When I wanted an infographic to explain the architecture, I sat there and built the whole thing myself by hand. I manually sourced every single logo of a pwned company, cropping it, resizing it and optimising it. Each and every disclosure to an organisation that didn't even know their data was out there fell to me (and trust me, that's massively time-consuming and has proven to be the single biggest bottleneck to loading new data). Every media interview, every support request and frankly, pretty much every single thing you could possibly conceive of was done by just one person in their spare time. This isn't just a workload issues either; I was becoming increasingly conscious of the fact that I was the single point of failure. And that needs to change.

It's Time to Grow Up

That was a long intro but I wanted to set the scene before I got to the point of this blog post: it’s time for HIBP to grow up. It’s time to go from that one guy doing what he can in his available time to a better-resourced and better-funded structure that's able to do way more than what I ever could on my own. To better understand why I’m writing this now, let me share an image from Google Analytics:

Project Svalbard: The Future of Have I Been Pwned

That graph is the 12 months to Jan 18 this year and the spike corresponds with the loading of the Collection #1 credential stuffing list. It also corresponds with the day I headed off to Europe for a couple of weeks of “business as usual” conferences, preceded by several days of hanging out with my 9-year old son and good friends in a log cabin in the Norwegian snow. I was being simultaneously bombarded by an unprecedented level of emails, tweets, phone calls and every other imaginable channel due to the huge attention HIBP was getting around the world, and also turning things off, sitting by a little fireplace in the snow and enjoying good drinks and good conversation. At that moment, I realised I was getting very close to burn-out. I was pretty confident I wasn’t actually burned out yet, but I also became aware I could see that point in the not too distant future if I didn’t make some important changes in my life. (I’d love to talk more about that in the future as there are some pretty significant lessons in there, but for now, I just want to set the context as to the timing and talk about what happens next.) All of this was going on at the same time as me travelling the world, speaking at events, running workshops and doing a gazillion other things just to keep life ticking along.

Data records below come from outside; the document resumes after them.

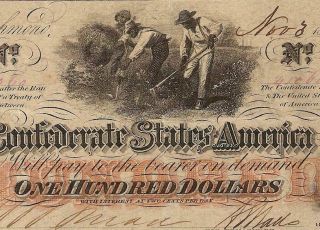 1862 $100 Dollar Confederate States Currency Civil War Hoer Note Csa Paper T - 41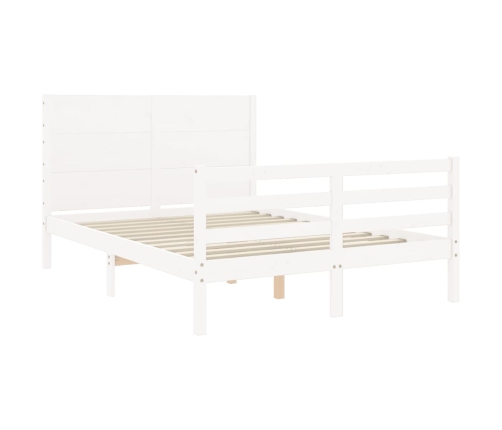 Estructura de cama con cabecero madera maciza blanco 140x190 cm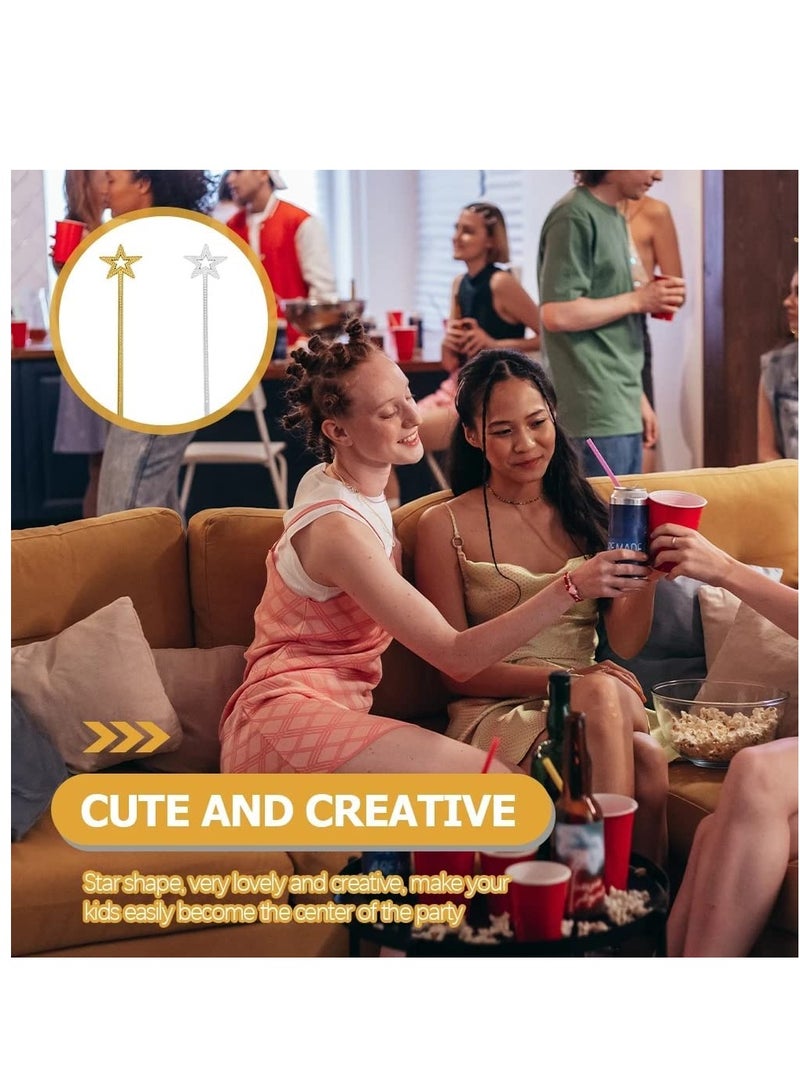 SYOSI Star Fairy Wands 5PCS Girls Costume Props Star Magic Wand Angel Fairy Wands Sticks Birthday Party Wedding Cosplay 13 Inches - Image 5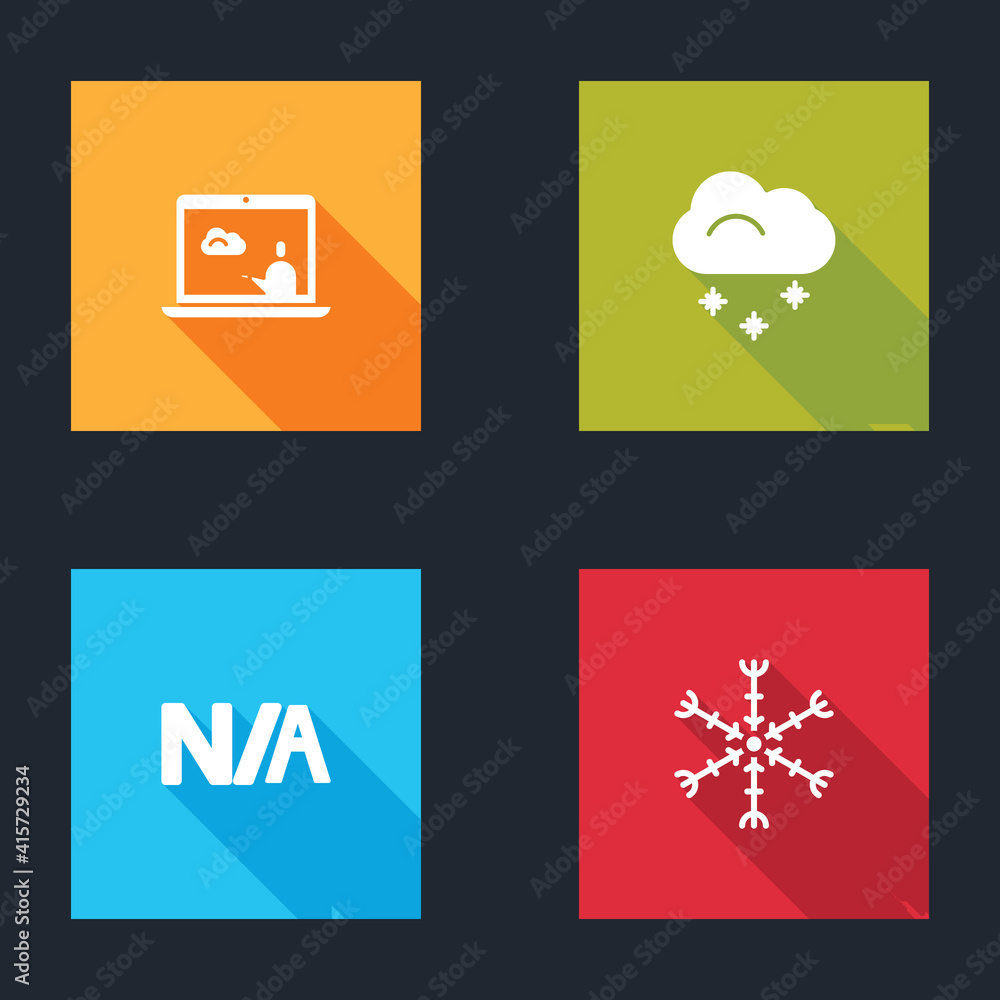 Poster set weather forecast, cloud with snow, not applicable and snowflake icon. vector.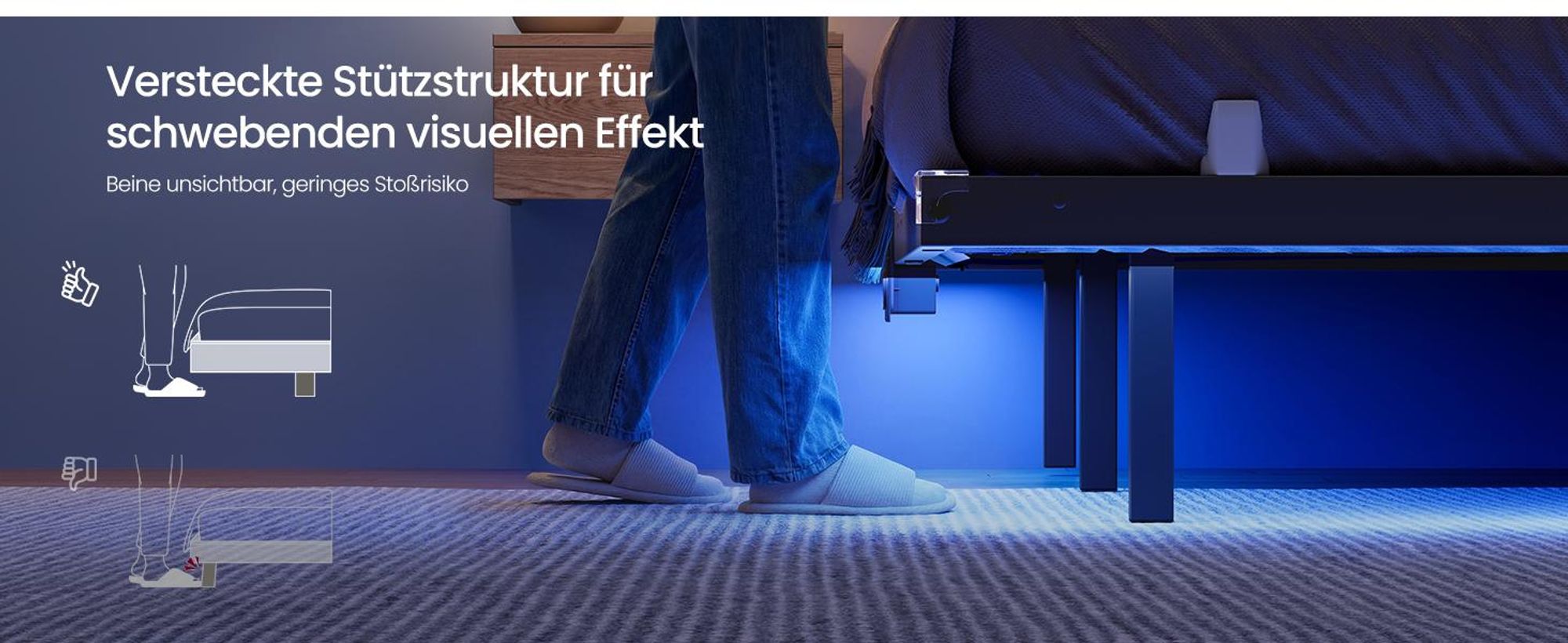 VASAGLE Bettgestell 140 x 200 cm mit LED-Beleuchtung, USB-C-Anschluss, Steckdosenleiste, Schlafzimmer, trägt bis 500 kg, schwarz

To be completely honest, it's been an enormously stressful year dealing with it all. The extra attention HIBP started getting in Jan never returned to 2018 levels, it just kept growing and growing. I made various changes to adjust to the workload, perhaps one of the most publicly obvious being a massive decline in engagement over social media, especially Twitter:

Project Svalbard: The Future of Have I Been Pwned

Up until (and including) December last year in that graph, I was tweeting an average of 1,141 times per month (for some reason, Twitter's export feature didn't include May and June 2017 and only half of July so I've dropped those months from the graph). From Feb to May this year, that number has dropped to 315 so I've backed off social to the tune of 72% since January. That may seem like a frivolous fact to focus on, but it's a quantifiable number that's directly attributable to the impact the growth of HIBP was having on my life. Same again if you look at my blog post cadence; I've religiously maintained my weekly update videos but have had to cut way back on all the other technical posts I've otherwise so loved writing over the last decade.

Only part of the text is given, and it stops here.